Monitoring and logging Part 1 - Setup

Logs from the EMR jobs can be sent to cloudwatch and s3. In the last section of running sample job, we did not configure logging

We will run the job again now, only this time we will send the logs to s3 and cloudwatch.

Let’s create a cloudwatch log group before we can start sending the logs.

aws logs create-log-group --log-group-name=/emr-on-eks/eksworkshop-eksctl

Let’s make sure that we have the variables set for the S3 bucket, virtual EMR clusters id, and the ARN of the role that EMR uses for job execution.

export s3DemoBucket=s3://emr-eks-demo-${ACCOUNT_ID}-${AWS_REGION}
export VIRTUAL_CLUSTER_ID=$(aws emr-containers list-virtual-clusters --query "virtualClusters[?state=='RUNNING'].id" --output text)
export EMR_ROLE_ARN=$(aws iam get-role --role-name EMRContainers-JobExecutionRole --query Role.Arn --output text)
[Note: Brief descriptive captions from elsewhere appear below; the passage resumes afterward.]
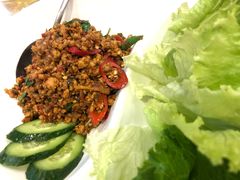 -阿诺泰·泰国餐厅(棕北店)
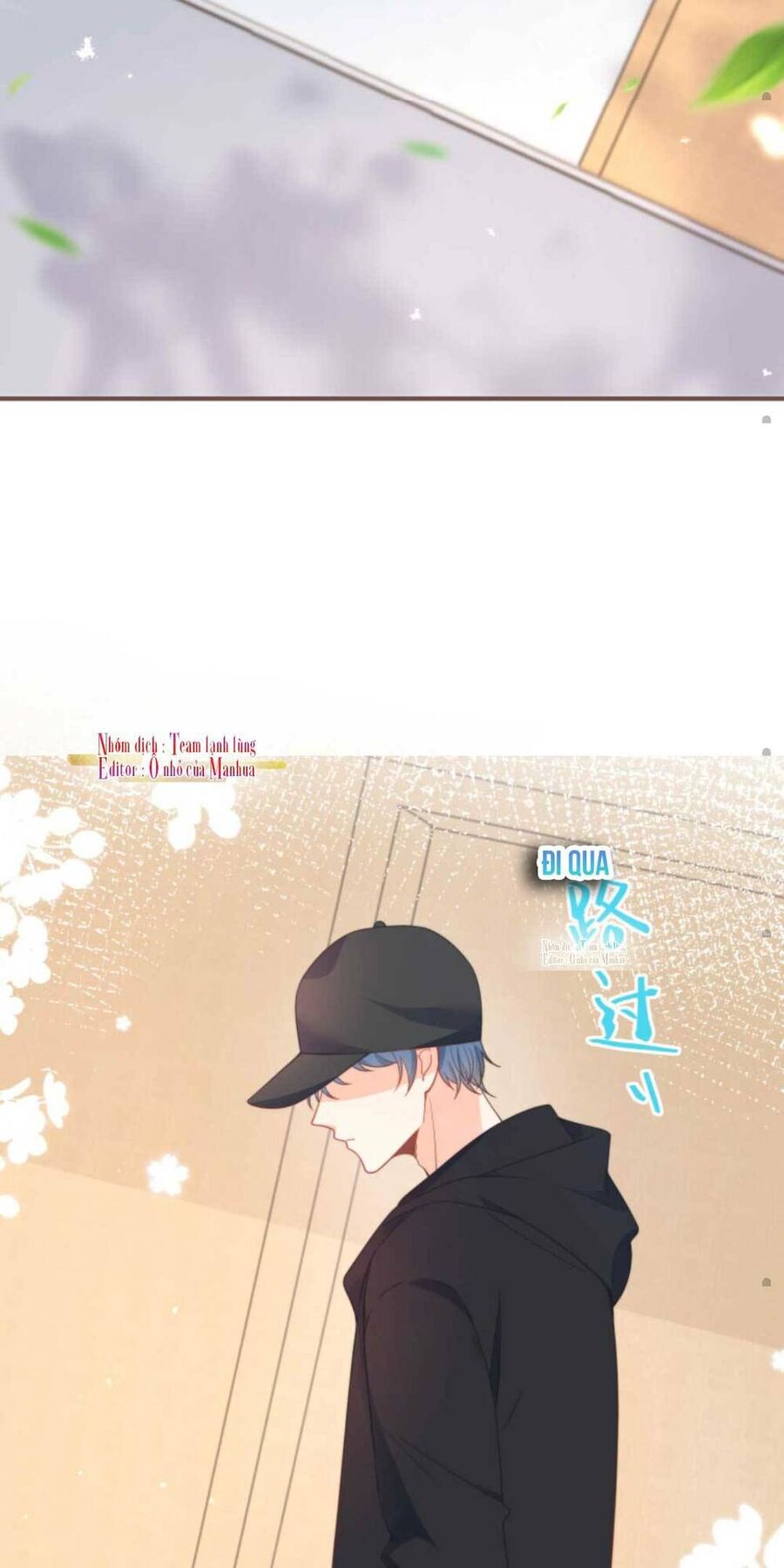 Trọng Sinh Trở Lại Làm Vợ Tổng Tài Chapter 3 - Trang 2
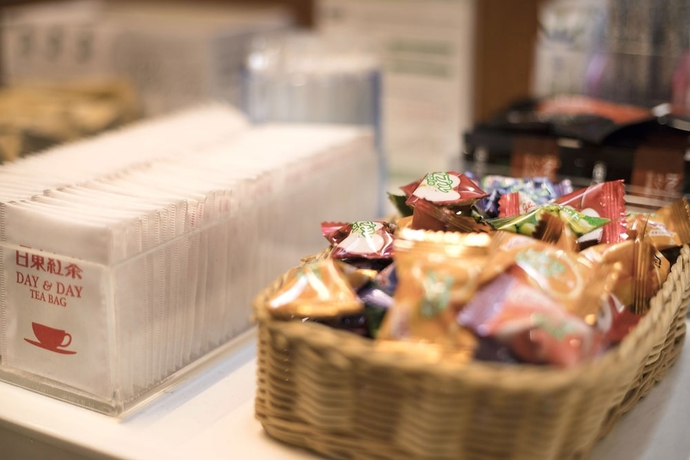 Imagen de los interiores del Hotel Tkp Sunlife. Foto 17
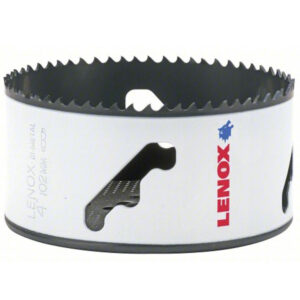 LENOX 3006464L 4" Speed Slot Hole Saw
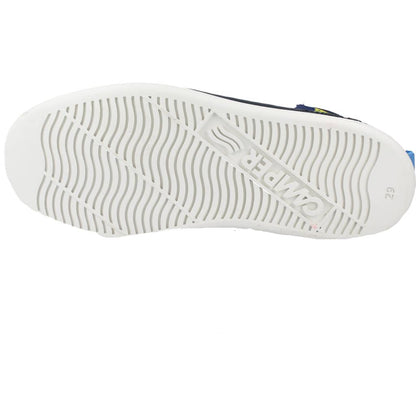 CAMPER  TWS KIDS en color CHMMATT  (6)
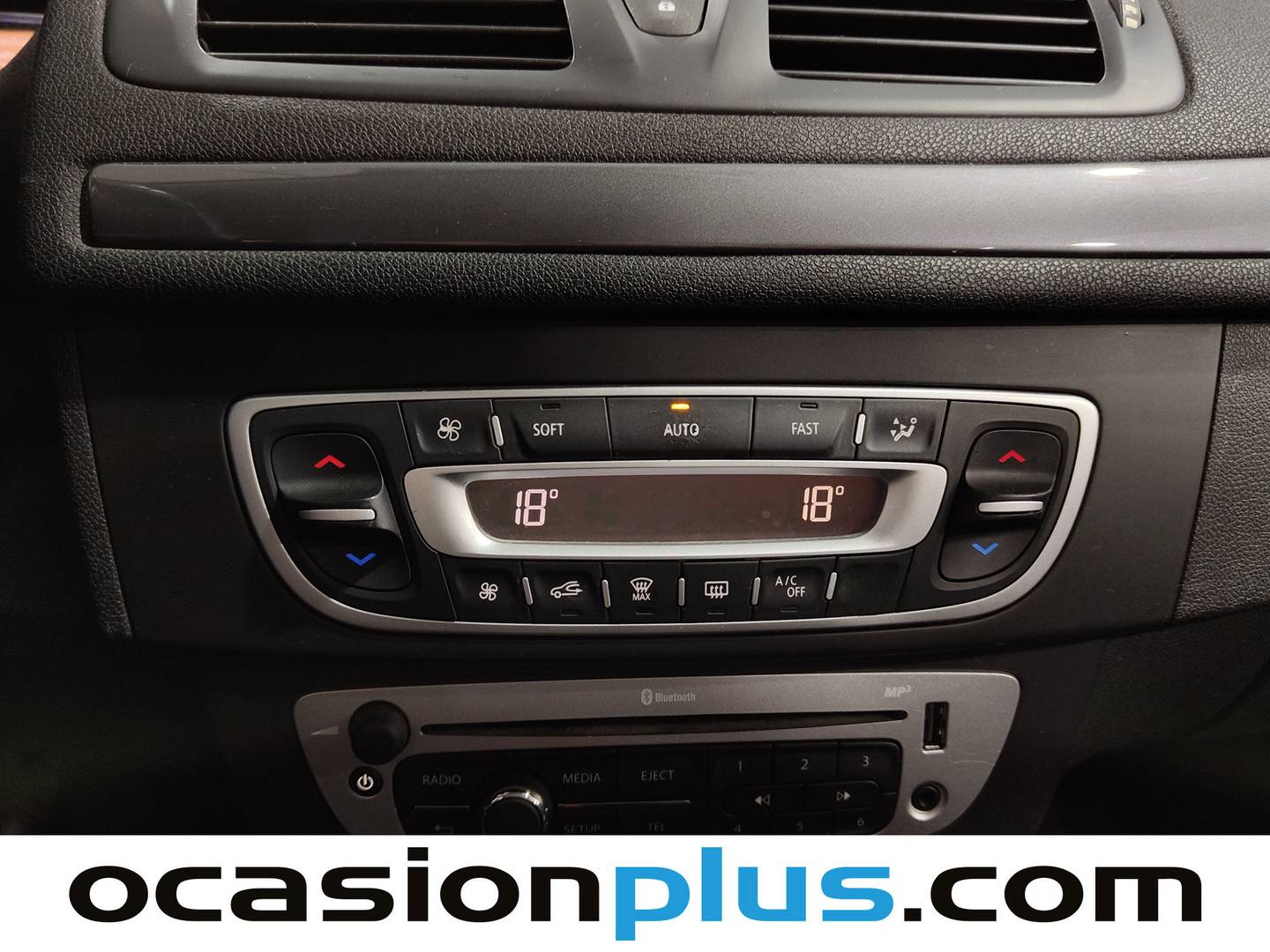 Renault Mégane Renault Megane Sport Tourer Limited Energy S&S TCe (115 CV) gasolina
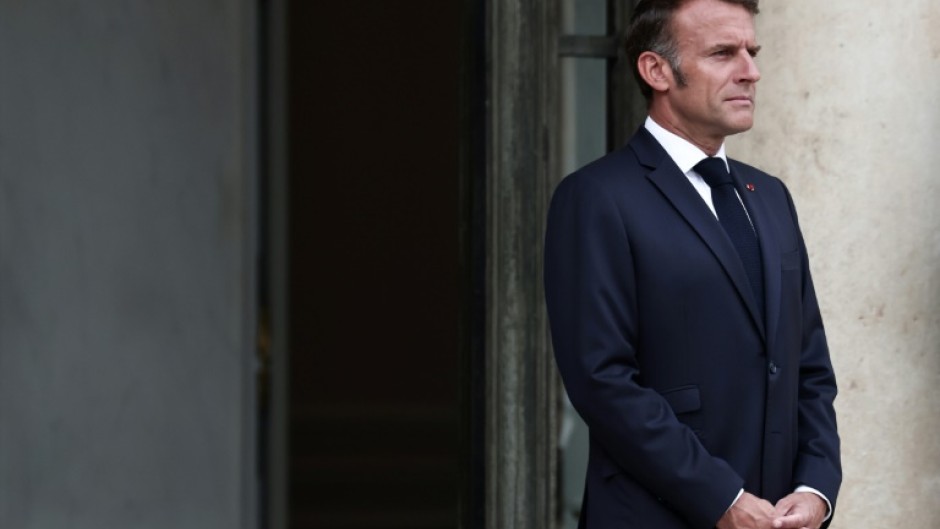 French President Emmanuel Macron is now on his sixth prime minister since taking office in 2017
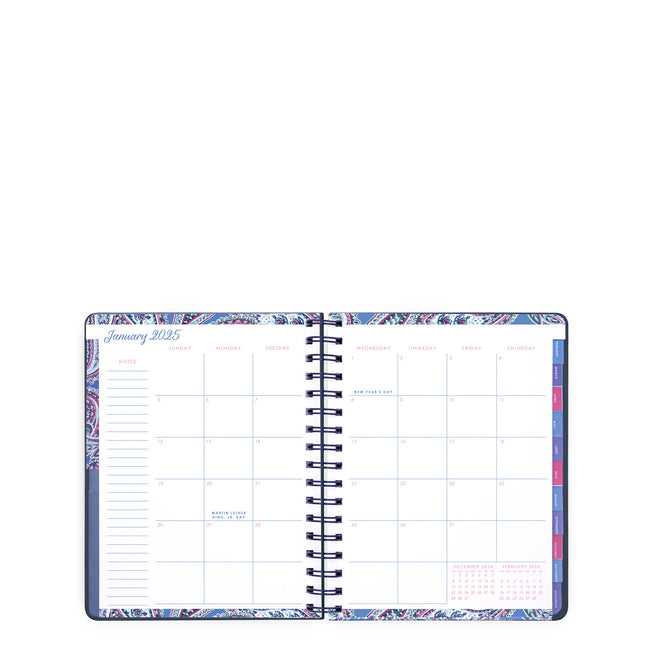 Disney Month Large Planner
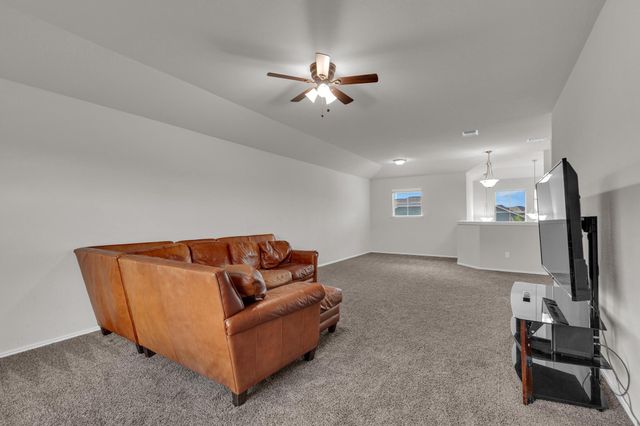 104 Uncle Billy WAY, Jarrell, TX 76537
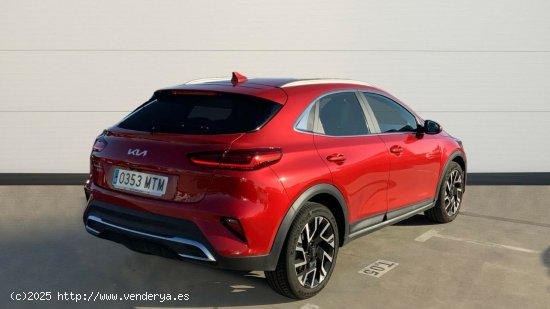 Kia XCeed 1.5 MHEV 103KW TECH 140 5P - Leganés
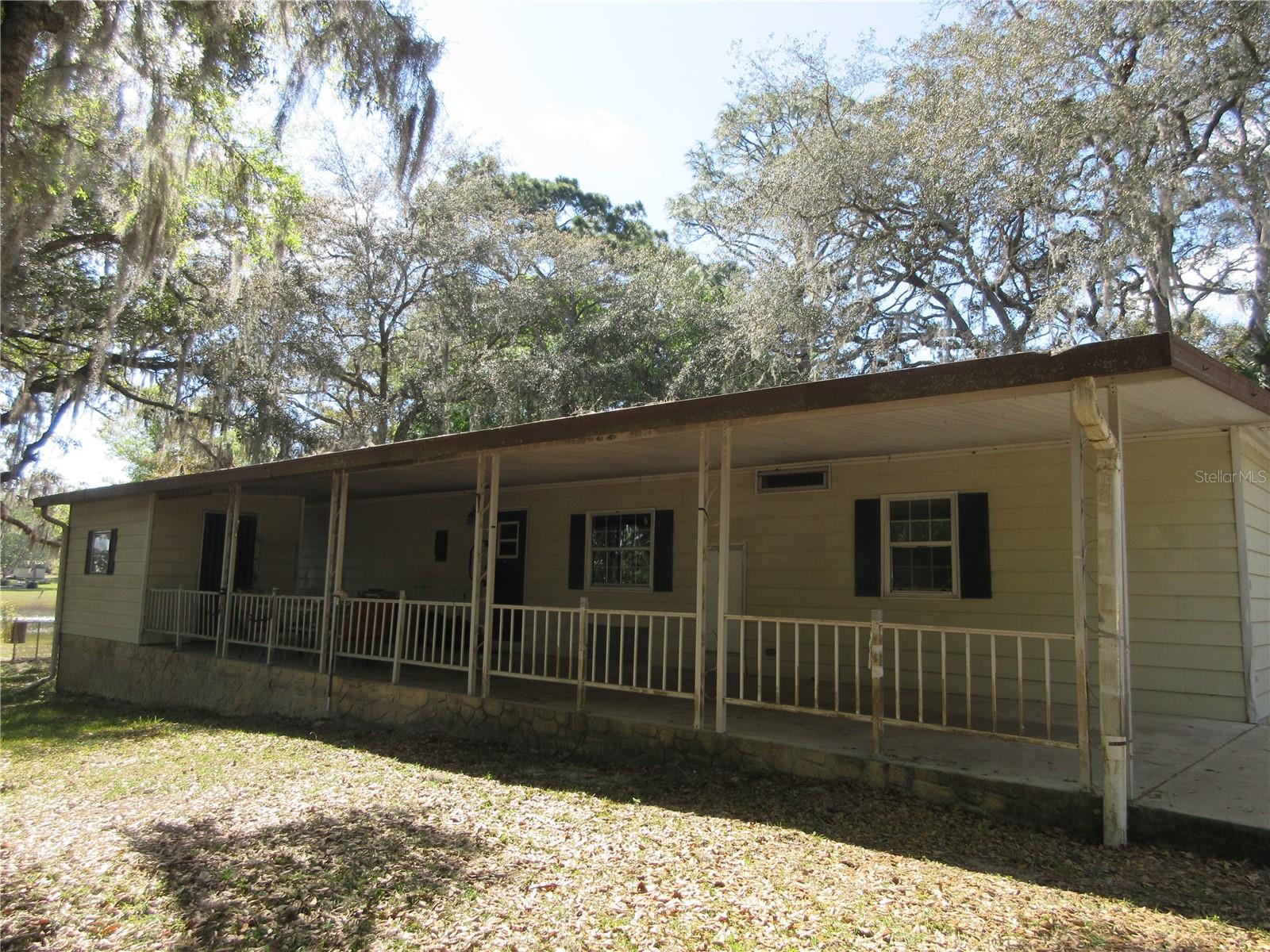 180 SE 167TH CT, SILVER SPRINGS, FL, 34488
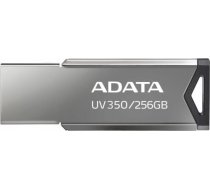 Adata MEMORY DRIVE FLASH USB3.2/256GB AUV350-256G-RBK ADATA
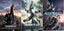 DIVERGENT, INSURGENT, ALLEGIANT TRILOGY Carousel 1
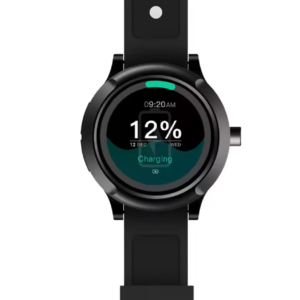 SC-20 - Reloj Celular con SOS, GPS y Monitoreo de salud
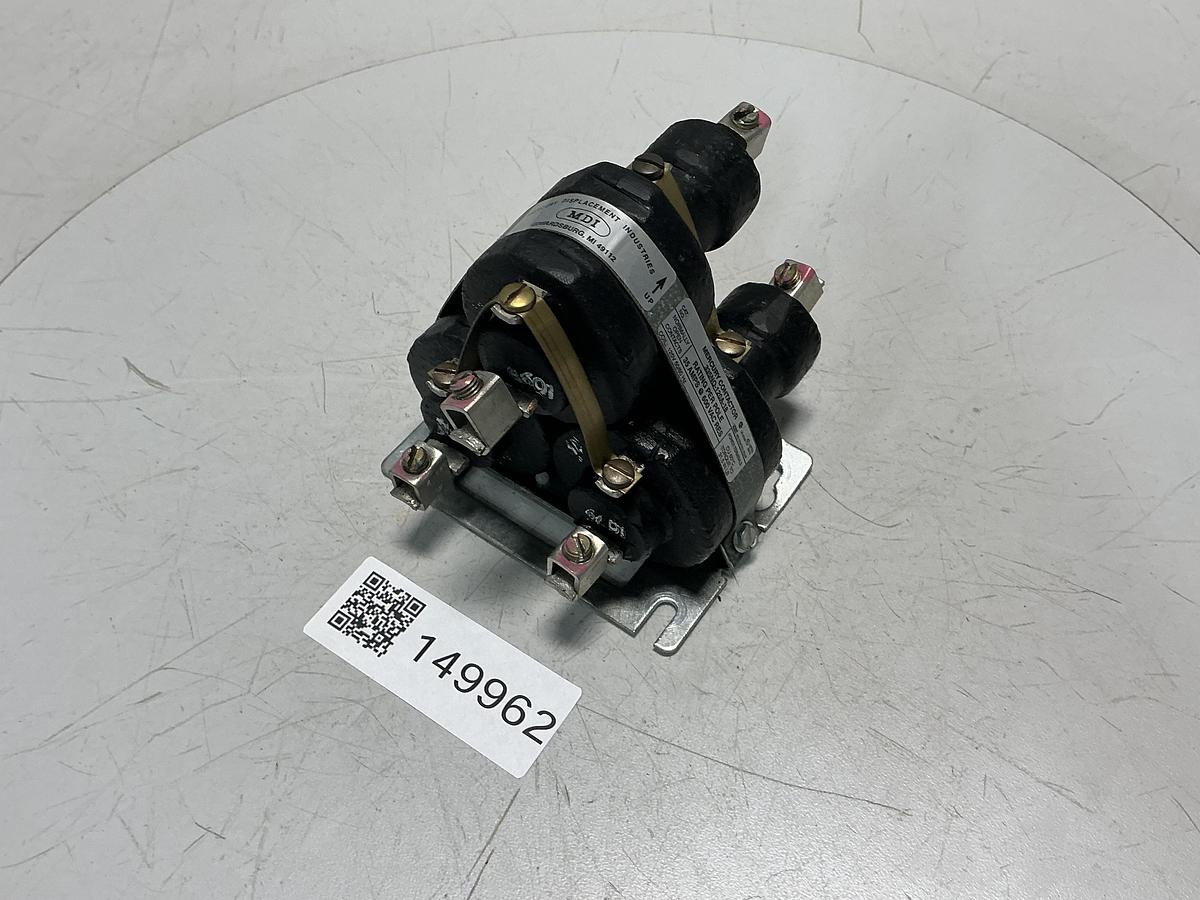 Used MDI 335NO-120A-18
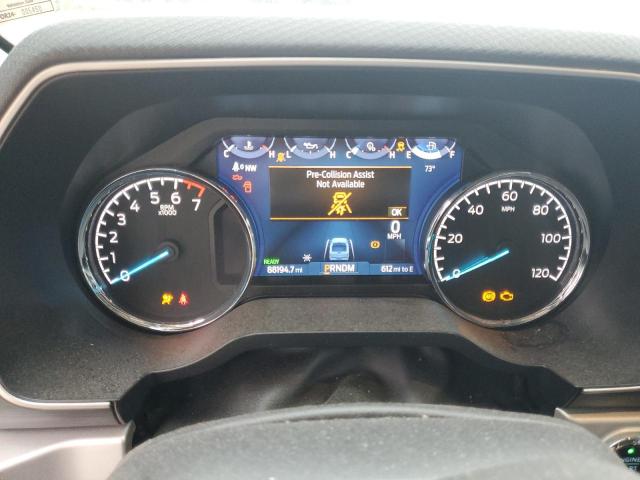2021 FORD F150 SUPER - 1FTFW1ED4MFC12008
Now let’s run the job again with logging enabled.

cat > request.json <<EOF 
{
    "name": "pi-4",
    "virtualClusterId": "${VIRTUAL_CLUSTER_ID}",
    "executionRoleArn": "${EMR_ROLE_ARN}",
    "releaseLabel": "emr-6.2.0-latest",
    "jobDriver": {
        "sparkSubmitJobDriver": {
            "entryPoint": "local:///usr/lib/spark/examples/src/main/python/pi.py",
            "sparkSubmitParameters": "--conf spark.executor.instances=2 --conf spark.executor.memory=2G --conf spark.executor.cores=2 --conf spark.driver.cores=1"
        }
    },
    "configurationOverrides": {
        "applicationConfiguration": [
            {
                "classification": "spark-defaults",
                "properties": {
                  "spark.dynamicAllocation.enabled": "false",
                  "spark.kubernetes.executor.deleteOnTermination": "true"
                }
            }
        ],
        "monitoringConfiguration": {
            "cloudWatchMonitoringConfiguration": {
                "logGroupName": "/emr-on-eks/eksworkshop-eksctl",
                "logStreamNamePrefix": "pi"
            },
            "s3MonitoringConfiguration": {
                "logUri": "${s3DemoBucket}/"
            }
        }
    }
}
EOF

Trigger the Spark job

aws emr-containers start-job-run --cli-input-json file://request.json

Output:


    "id": "00000002u5ipstrq84e",
    "name": "pi-4",
    "arn": "arn:aws:emr-containers:us-west-2:xxxxxxxxxxx:/virtualclusters/jokbdf64kj891f7iaaot3qo9q/jobruns/00000002u5ipstrq84e",
    "virtualClusterId": "jokbdf64kj891f7iaaot3qo9q"